Exercise details: Of all the lines below, output only those starting at the one with "PENYANYI Shila Amzah" and ending at the one with "HH Model 1/18", both ends included, exactly as written.

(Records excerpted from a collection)
===============

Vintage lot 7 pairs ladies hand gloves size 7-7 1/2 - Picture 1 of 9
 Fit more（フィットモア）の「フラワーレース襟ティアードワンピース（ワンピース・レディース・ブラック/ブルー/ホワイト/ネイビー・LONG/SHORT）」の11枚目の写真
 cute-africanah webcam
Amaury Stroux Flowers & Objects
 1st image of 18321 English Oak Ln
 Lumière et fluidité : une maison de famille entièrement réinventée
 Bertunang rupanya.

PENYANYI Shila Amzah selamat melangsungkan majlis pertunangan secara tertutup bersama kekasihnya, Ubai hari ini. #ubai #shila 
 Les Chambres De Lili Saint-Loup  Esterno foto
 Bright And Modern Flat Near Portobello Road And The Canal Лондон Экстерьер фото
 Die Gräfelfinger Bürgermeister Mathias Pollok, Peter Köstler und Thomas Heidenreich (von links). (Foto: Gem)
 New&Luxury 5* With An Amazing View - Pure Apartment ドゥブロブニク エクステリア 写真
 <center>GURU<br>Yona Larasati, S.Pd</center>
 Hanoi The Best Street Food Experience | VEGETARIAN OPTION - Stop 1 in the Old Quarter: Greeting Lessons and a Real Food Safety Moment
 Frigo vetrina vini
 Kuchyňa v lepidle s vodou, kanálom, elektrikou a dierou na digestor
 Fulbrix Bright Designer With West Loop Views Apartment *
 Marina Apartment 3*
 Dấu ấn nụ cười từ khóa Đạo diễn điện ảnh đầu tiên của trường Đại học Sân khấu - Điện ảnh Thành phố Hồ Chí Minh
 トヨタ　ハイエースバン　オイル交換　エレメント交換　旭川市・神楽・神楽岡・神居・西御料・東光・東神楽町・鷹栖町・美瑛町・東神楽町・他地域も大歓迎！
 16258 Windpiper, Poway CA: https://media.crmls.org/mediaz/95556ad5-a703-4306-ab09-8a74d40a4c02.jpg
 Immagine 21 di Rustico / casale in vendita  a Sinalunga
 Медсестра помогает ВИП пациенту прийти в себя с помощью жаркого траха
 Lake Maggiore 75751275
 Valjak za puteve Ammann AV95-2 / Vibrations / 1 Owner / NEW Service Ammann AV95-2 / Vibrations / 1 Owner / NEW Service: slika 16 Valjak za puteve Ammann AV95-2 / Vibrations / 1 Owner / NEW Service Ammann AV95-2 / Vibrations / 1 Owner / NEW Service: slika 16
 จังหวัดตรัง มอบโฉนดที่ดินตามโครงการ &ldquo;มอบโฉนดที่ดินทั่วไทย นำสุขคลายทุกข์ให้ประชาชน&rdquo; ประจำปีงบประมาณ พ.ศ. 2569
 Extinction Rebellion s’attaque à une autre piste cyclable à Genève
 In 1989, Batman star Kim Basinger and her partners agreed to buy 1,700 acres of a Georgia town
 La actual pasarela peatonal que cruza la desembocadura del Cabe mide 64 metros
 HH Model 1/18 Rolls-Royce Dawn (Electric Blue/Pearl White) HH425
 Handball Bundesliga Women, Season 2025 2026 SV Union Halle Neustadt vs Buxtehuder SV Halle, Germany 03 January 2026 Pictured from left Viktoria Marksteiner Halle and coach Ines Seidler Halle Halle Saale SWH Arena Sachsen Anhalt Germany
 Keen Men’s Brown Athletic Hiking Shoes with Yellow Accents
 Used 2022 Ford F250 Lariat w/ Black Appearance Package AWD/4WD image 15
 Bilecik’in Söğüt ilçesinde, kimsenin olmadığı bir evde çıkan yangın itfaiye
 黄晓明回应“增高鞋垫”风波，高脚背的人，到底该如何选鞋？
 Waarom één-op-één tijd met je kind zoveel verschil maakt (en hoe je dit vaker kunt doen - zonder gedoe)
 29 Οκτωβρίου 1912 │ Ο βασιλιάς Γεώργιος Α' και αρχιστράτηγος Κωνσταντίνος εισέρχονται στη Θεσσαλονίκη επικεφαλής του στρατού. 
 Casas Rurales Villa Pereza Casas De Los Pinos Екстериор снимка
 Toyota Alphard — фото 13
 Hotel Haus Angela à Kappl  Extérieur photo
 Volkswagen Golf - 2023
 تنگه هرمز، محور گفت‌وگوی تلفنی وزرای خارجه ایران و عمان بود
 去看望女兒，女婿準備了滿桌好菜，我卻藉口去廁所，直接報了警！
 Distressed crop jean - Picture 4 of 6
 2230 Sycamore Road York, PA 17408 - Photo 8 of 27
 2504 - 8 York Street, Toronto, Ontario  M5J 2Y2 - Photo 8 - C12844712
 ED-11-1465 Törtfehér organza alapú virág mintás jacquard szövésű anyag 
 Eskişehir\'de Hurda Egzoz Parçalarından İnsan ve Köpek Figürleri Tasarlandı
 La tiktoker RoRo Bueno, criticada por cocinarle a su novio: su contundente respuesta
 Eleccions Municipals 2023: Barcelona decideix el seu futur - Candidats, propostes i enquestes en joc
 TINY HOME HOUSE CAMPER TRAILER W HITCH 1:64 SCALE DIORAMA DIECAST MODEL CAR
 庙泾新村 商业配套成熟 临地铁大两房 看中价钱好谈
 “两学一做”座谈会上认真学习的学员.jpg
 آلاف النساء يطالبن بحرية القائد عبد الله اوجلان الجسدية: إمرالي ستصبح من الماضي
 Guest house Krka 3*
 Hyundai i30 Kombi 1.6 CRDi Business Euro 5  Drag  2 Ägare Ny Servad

===============

Response for this exercise:
PENYANYI Shila Amzah selamat melangsungkan majlis pertunangan secara tertutup bersama kekasihnya, Ubai hari ini. #ubai #shila 
 Les Chambres De Lili Saint-Loup  Esterno foto
 Bright And Modern Flat Near Portobello Road And The Canal Лондон Экстерьер фото
 Die Gräfelfinger Bürgermeister Mathias Pollok, Peter Köstler und Thomas Heidenreich (von links). (Foto: Gem)
 New&Luxury 5* With An Amazing View - Pure Apartment ドゥブロブニク エクステリア 写真
 <center>GURU<br>Yona Larasati, S.Pd</center>
 Hanoi The Best Street Food Experience | VEGETARIAN OPTION - Stop 1 in the Old Quarter: Greeting Lessons and a Real Food Safety Moment
 Frigo vetrina vini
 Kuchyňa v lepidle s vodou, kanálom, elektrikou a dierou na digestor
 Fulbrix Bright Designer With West Loop Views Apartment *
 Marina Apartment 3*
 Dấu ấn nụ cười từ khóa Đạo diễn điện ảnh đầu tiên của trường Đại học Sân khấu - Điện ảnh Thành phố Hồ Chí Minh
 トヨタ　ハイエースバン　オイル交換　エレメント交換　旭川市・神楽・神楽岡・神居・西御料・東光・東神楽町・鷹栖町・美瑛町・東神楽町・他地域も大歓迎！
 16258 Windpiper, Poway CA: https://media.crmls.org/mediaz/95556ad5-a703-4306-ab09-8a74d40a4c02.jpg
 Immagine 21 di Rustico / casale in vendita  a Sinalunga
 Медсестра помогает ВИП пациенту прийти в себя с помощью жаркого траха
 Lake Maggiore 75751275
 Valjak za puteve Ammann AV95-2 / Vibrations / 1 Owner / NEW Service Ammann AV95-2 / Vibrations / 1 Owner / NEW Service: slika 16 Valjak za puteve Ammann AV95-2 / Vibrations / 1 Owner / NEW Service Ammann AV95-2 / Vibrations / 1 Owner / NEW Service: slika 16
 จังหวัดตรัง มอบโฉนดที่ดินตามโครงการ &ldquo;มอบโฉนดที่ดินทั่วไทย นำสุขคลายทุกข์ให้ประชาชน&rdquo; ประจำปีงบประมาณ พ.ศ. 2569
 Extinction Rebellion s’attaque à une autre piste cyclable à Genève
 In 1989, Batman star Kim Basinger and her partners agreed to buy 1,700 acres of a Georgia town
 La actual pasarela peatonal que cruza la desembocadura del Cabe mide 64 metros
 HH Model 1/18 Rolls-Royce Dawn (Electric Blue/Pearl White) HH425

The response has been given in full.